NAME

verify_nucleosome_mapping.pl

A script to verify nucleosome mapping and identify overlaps.

SYNOPSIS

verify_nucleosome_mapping.pl [--options...] <filename>

Options:
--in <filename>
--db <text>
--data <text | filename>
--filter
--max <integer>
--recenter
--out <filename> 
--gz
--version
--help

OPTIONS

The command line flags and descriptions:

--in <filename>

Specify the input file. The program expects a text data file with at least chromosome, start, and stop coordinates representing nucleosome annotation. The output file from the biotoolbox script 'map_nucleosomes.pl' is ideal, although a Bed, GFF, or other file is allowed. The file may be compressed with gzip.

--db <text>

Specify the name of a BioPerl database to pull the source data. A SeqFeature::Store database or BigWigSet directory may be supplied.

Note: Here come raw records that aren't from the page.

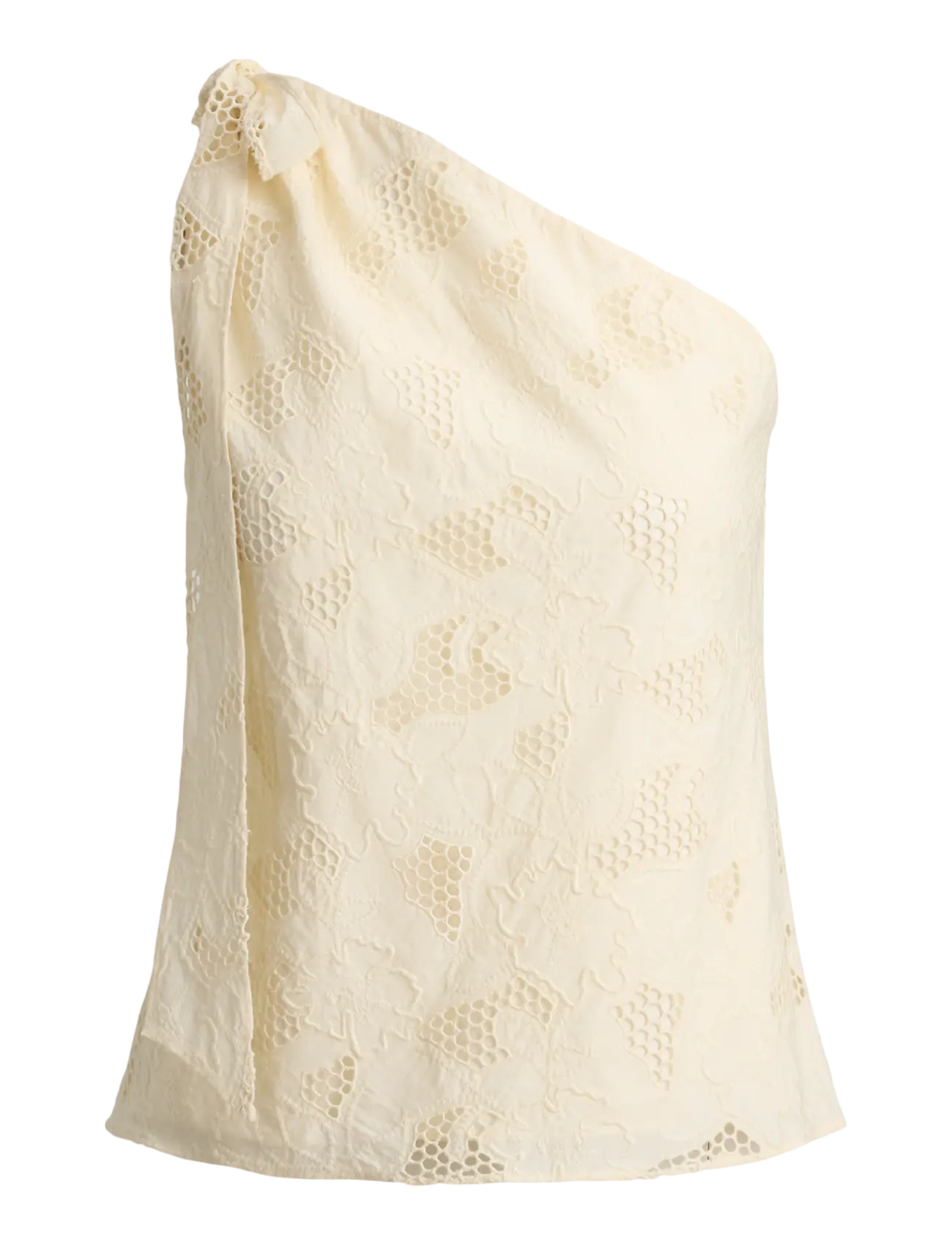 Lauren Ralph Lauren Floral-Eyelet Voile One-Shoulder Blouse - Kleidung - MASCARPONE CREAM / cream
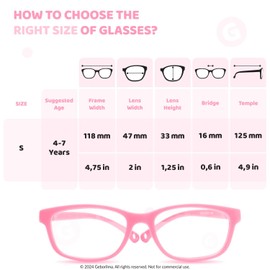 Geborilma Unbreakable Eyeglasses for Kids Flexible Glasses - Kids Prescription Sports Glasses 4-7 years - Kids Flex Glasses Pink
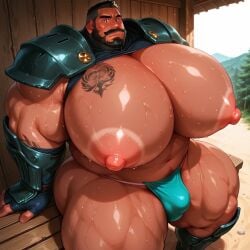 ai ai_generated big_breasts big_breasts busty_boy fatman1992 huge_breasts huge_breasts male_with_breasts solo solo_male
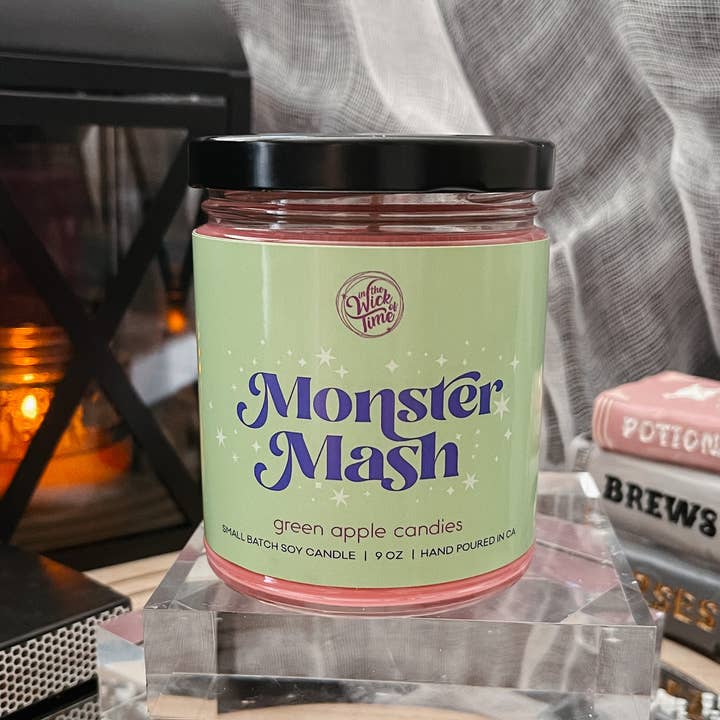 In the Wick of Time - Wholesale Jar/Filled Candle - Monster Mash Candle | 9 oz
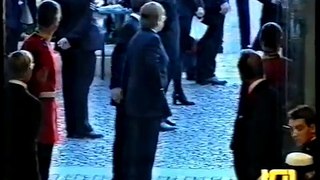 Elton John - Lady Diana Funeral - Arrival + Candle in the wind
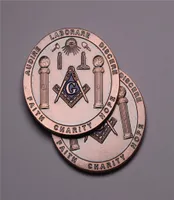 Home Decoration Crafts Faith charity audire laborare discere hope mason Challenge Coin Fraternity Masonic BronzeCoin9405585
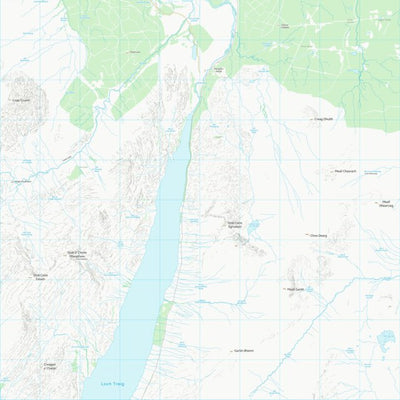 UK Topographic Maps Highland (NN37) digital map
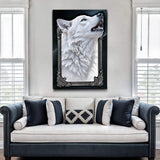 3D Wolf Wall Art III - Tailored Canvases - Flyclothing LLC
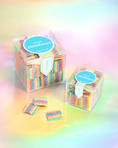 Load image into Gallery viewer, Sugarfina Sour Rainbow Belts - Small Cube
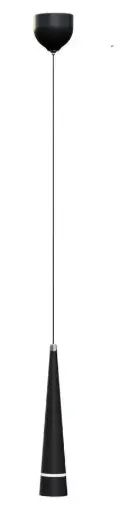 [LAM-LIP-LPDL-WG10A-YB] LAMPARA COLGANTE DECORATIVA 10W 4000K 900LM NEGRA REF. LPDL-WG10A-YB MARCA LIPER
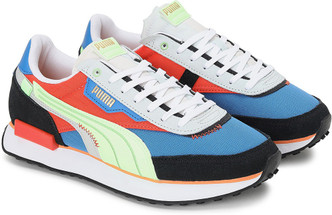 colourful puma sneakers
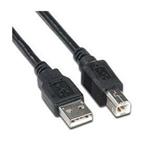 PremiumCord Kabel USB2.0 A-B 2m (A-M/B-M), černý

The default is to use the database defined in the input file metadata or the dataset file.

--data <text | filename>

Provide the name of the dataset or data file (bigWig format) containing the nucleosome midpoint occupancy data with which to verify nucleosomal positions. If data is obtained from a database, the type or primary_tag should be provided. Default is to use the dataset defined in the input file metadata.

--filter

Optionally filter out nucleosomes that exceed a maximum allowed overlap. Filtered nucleosomes are deleted from the file. Default is no filtering.

--max <integer>

Specify the maximum allowed overlap in bp when filtering out overlapping nucleosomes. The default is 30 bp.

--recenter

Optionally re-center those nucleosomes determined to be offset from the actual peak in the data.

--out <filename>

Optionally specify the output file name. By default it will overwrite the input file.

--gz

Optionally indicate the file should be compressed when written.

--version

Print the version number.

--help

Display this POD documentation.

DESCRIPTION

This program will verify the mapping of nucleosomes. It expects as input a text file containing the genomic coordinates of annotated nucleosomes. The output data file from the BioToolBox script 'map_nucleosomes.pl' is ideal, although other text files, including Bed and GFF, are supported. Nucleosomes are verified by comparing the peak of nucleosome reads collected from the original dataset with the recorded midpoint of the mapped nucleosome. If the peak is <= 10 bp from the recorded midpoint, then the nucleosome is considered centered on the peak and it is properly mapped. If the peak is > 10 bp from the recorded midpoint, then it is considered offset, or improperly mapped. This is most often due to nucleosomes being called prematurely when the dataset is being scanned in windows from left to right. Adjusting the parameters for window and buffer in map_nucleosomes.pl can limit the number of overlapping nucleosomes.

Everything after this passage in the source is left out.